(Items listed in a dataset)
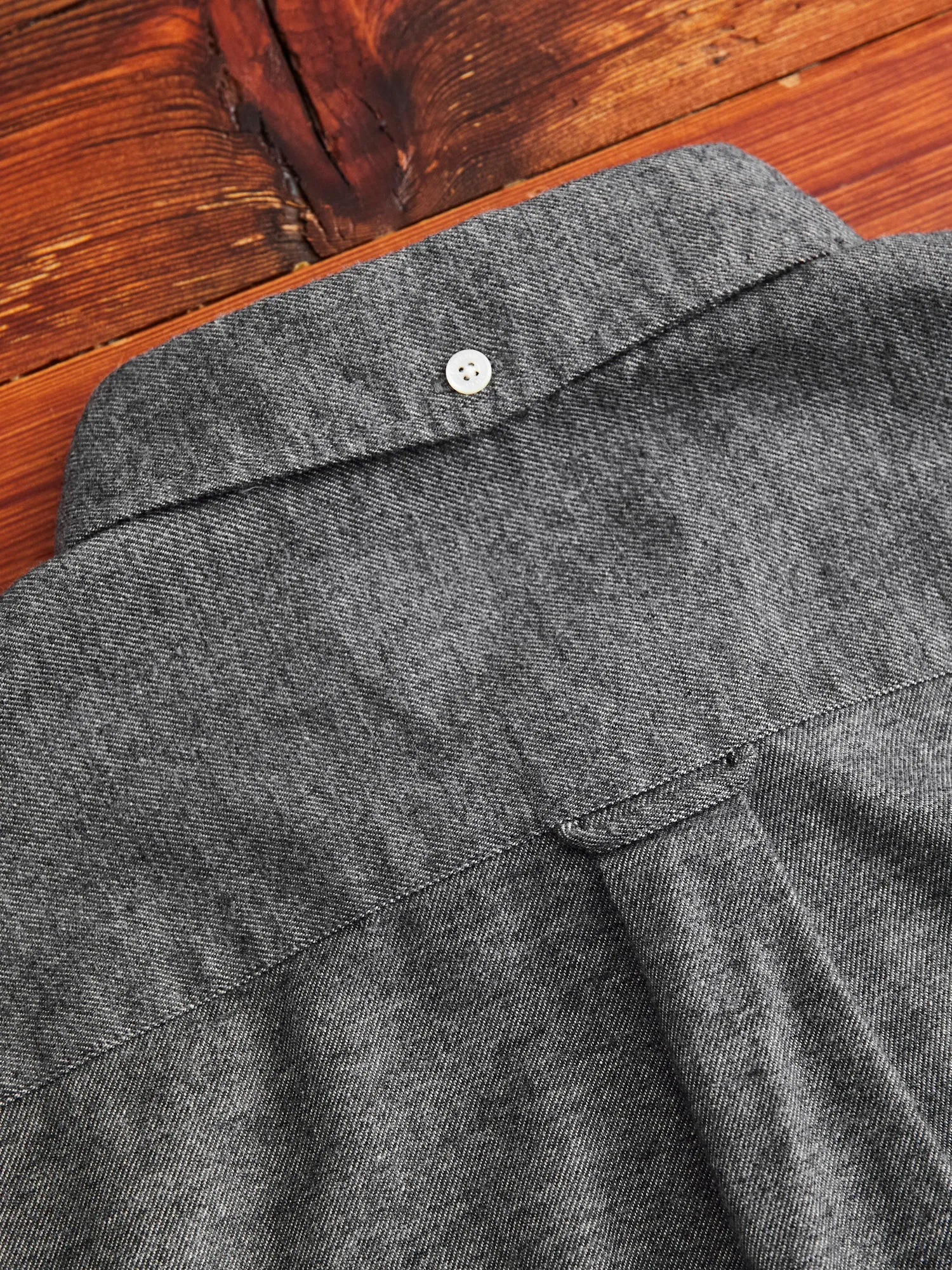 Twill Flannel Button-Down Shirt in Grey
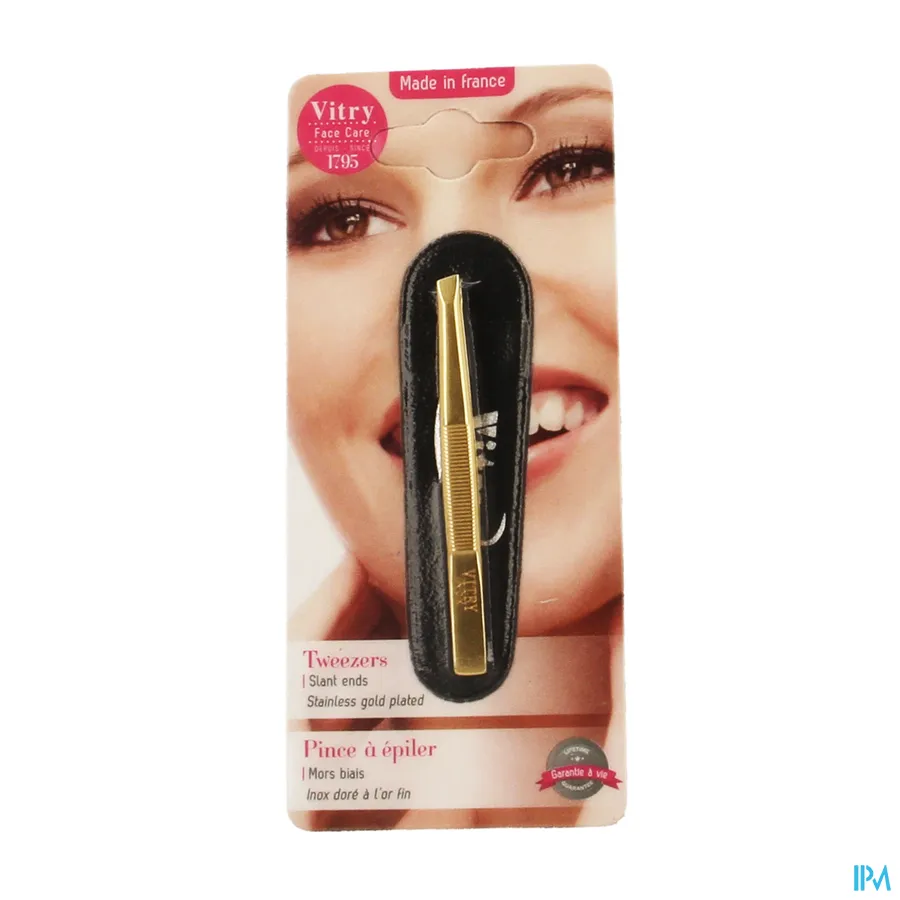 packshot van Vitry Epileerpincet met Schuine Top in Inox Verguld Klein Formaat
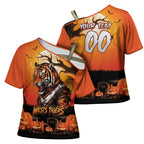 Custom Halloween Wests Tigers Cross Shoulder Shirt Spooky Australia Mascot Rugby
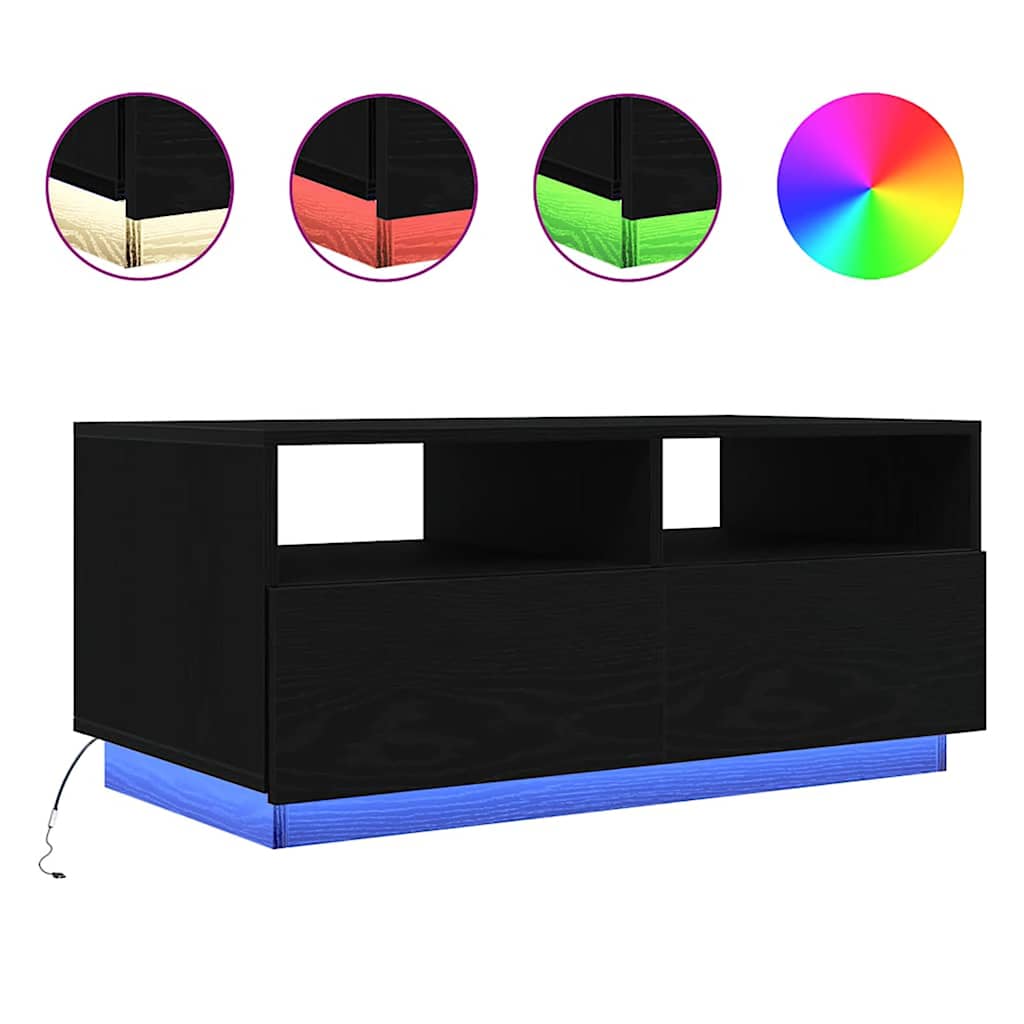 Klub stolić s LED svjetlima crni hrast 90x49x40 cm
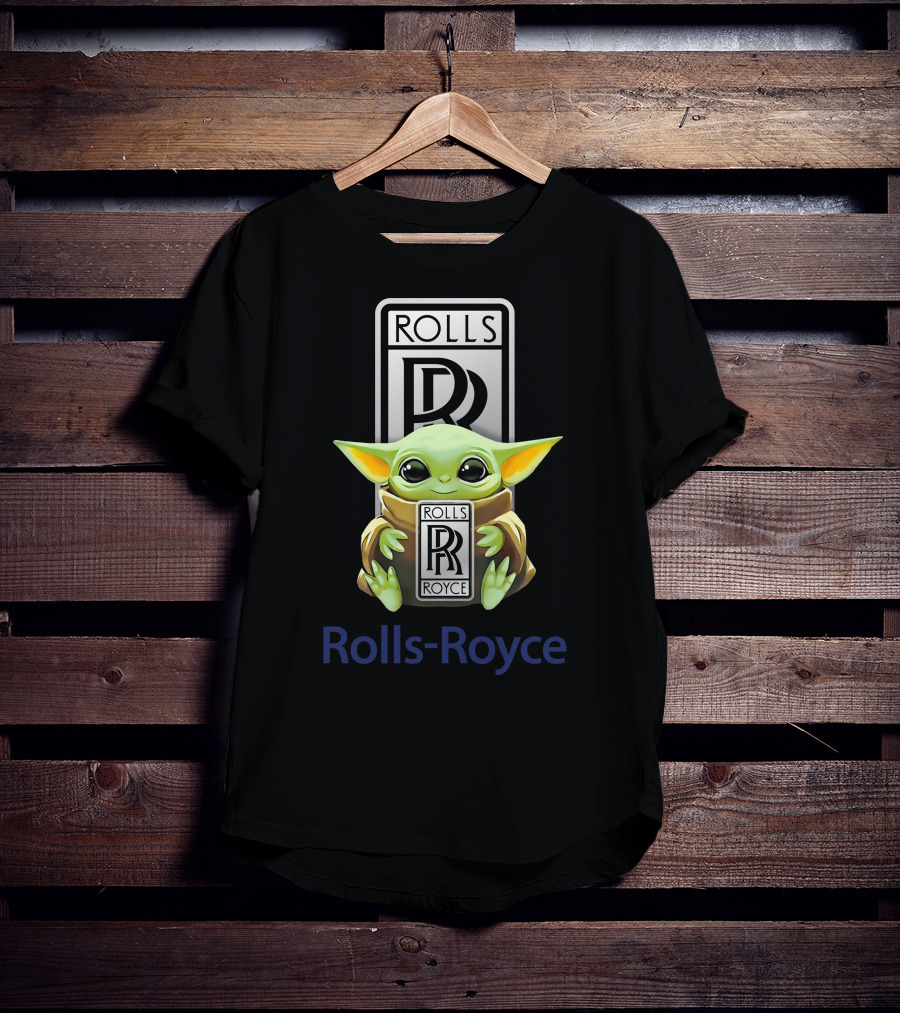 Grogu Holding Rolls Royce Logo With Rolls-Royce Text T-Shirt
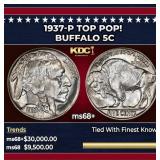 1937-p Buffalo Nickel TOP POP! 5c ms68+ SEGS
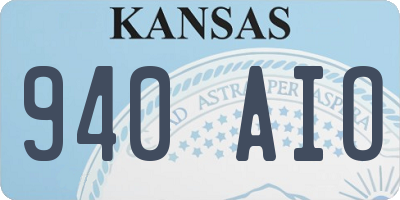 KS license plate 940AIO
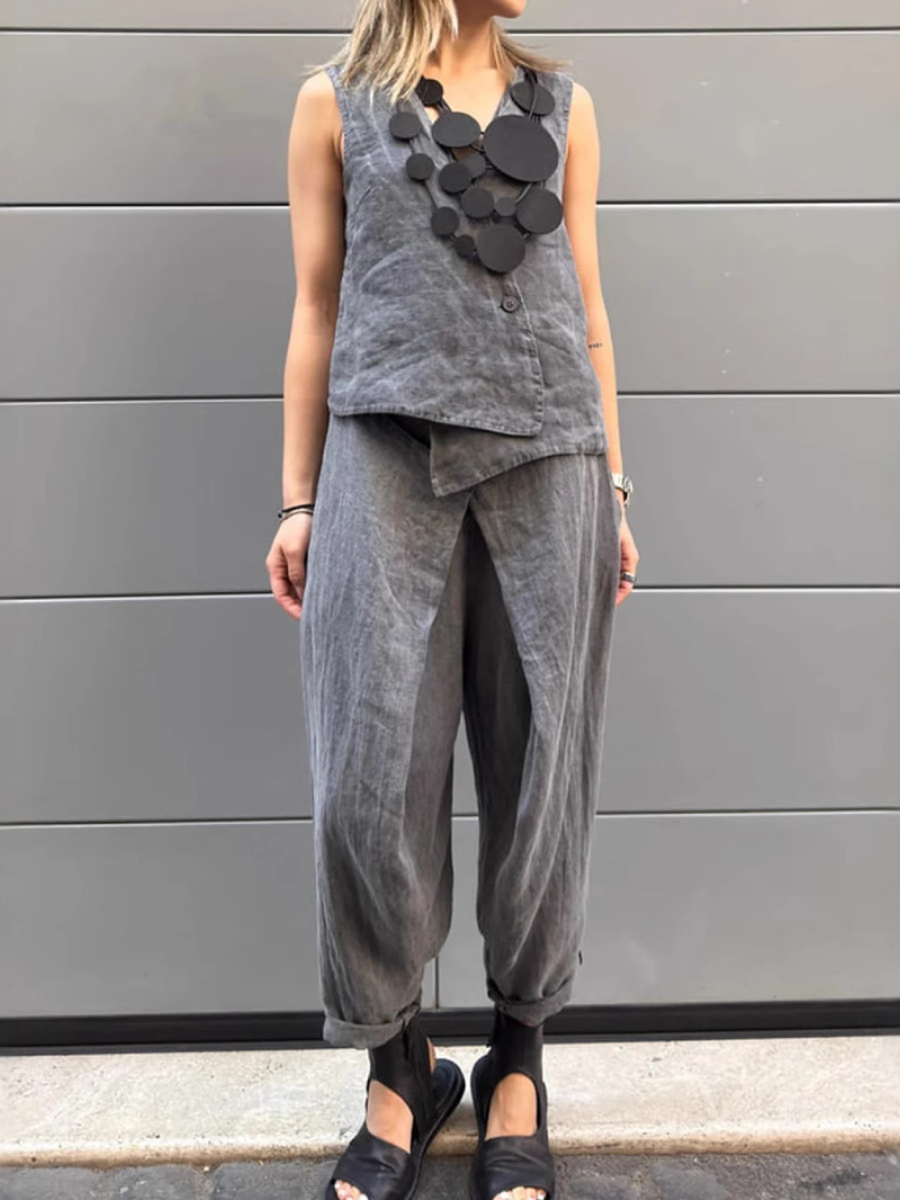 Stylish Linen Vest 2pc Set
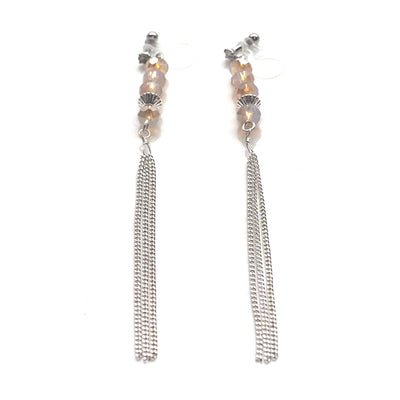 Ivory beads with silver tassel invisible clip on earrings - miyabigracejewelry.com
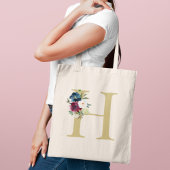Waterverf Floral Monogram Initiaal Navy Burgundy Tote Bag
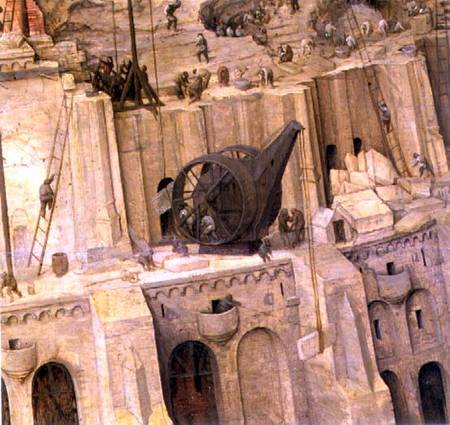 The Tower of Babel, detail of construction work à Giuseppe Pellizza da Volpedo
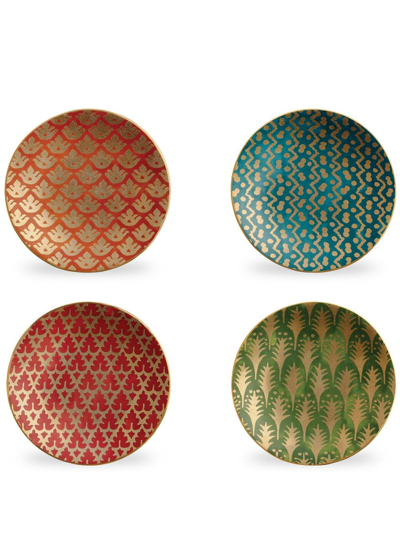L'objet Set Of 4 Fortuny Assorted Canapé Plates (15cm) In Red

→ **PROBLEM TO SOLVE**: Set down every record exactly, without the pictures.

→ **SOLVED EXERCISE**:
 Twill Flannel Button-Down Shirt in Grey
 packshot van Vitry Epileerpincet met Schuine Top in Inox Verguld Klein Formaat
 Custom Halloween Wests Tigers Cross Shoulder Shirt Spooky Australia Mascot Rugby
 Klub stolić s LED svjetlima crni hrast 90x49x40 cm
 Grogu Holding Rolls Royce Logo With Rolls-Royce Text T-Shirt
 1937-p Buffalo Nickel TOP POP! 5c ms68+ SEGS
 KS license plate 940AIO
 Stylish Linen Vest 2pc Set
 Ivory beads with silver tassel invisible clip on earrings - miyabigracejewelry.com
Waterverf Floral Monogram Initiaal Navy Burgundy Tote Bag
 The Tower of Babel, detail of construction work à Giuseppe Pellizza da Volpedo
L'objet Set Of 4 Fortuny Assorted Canapé Plates (15cm) In Red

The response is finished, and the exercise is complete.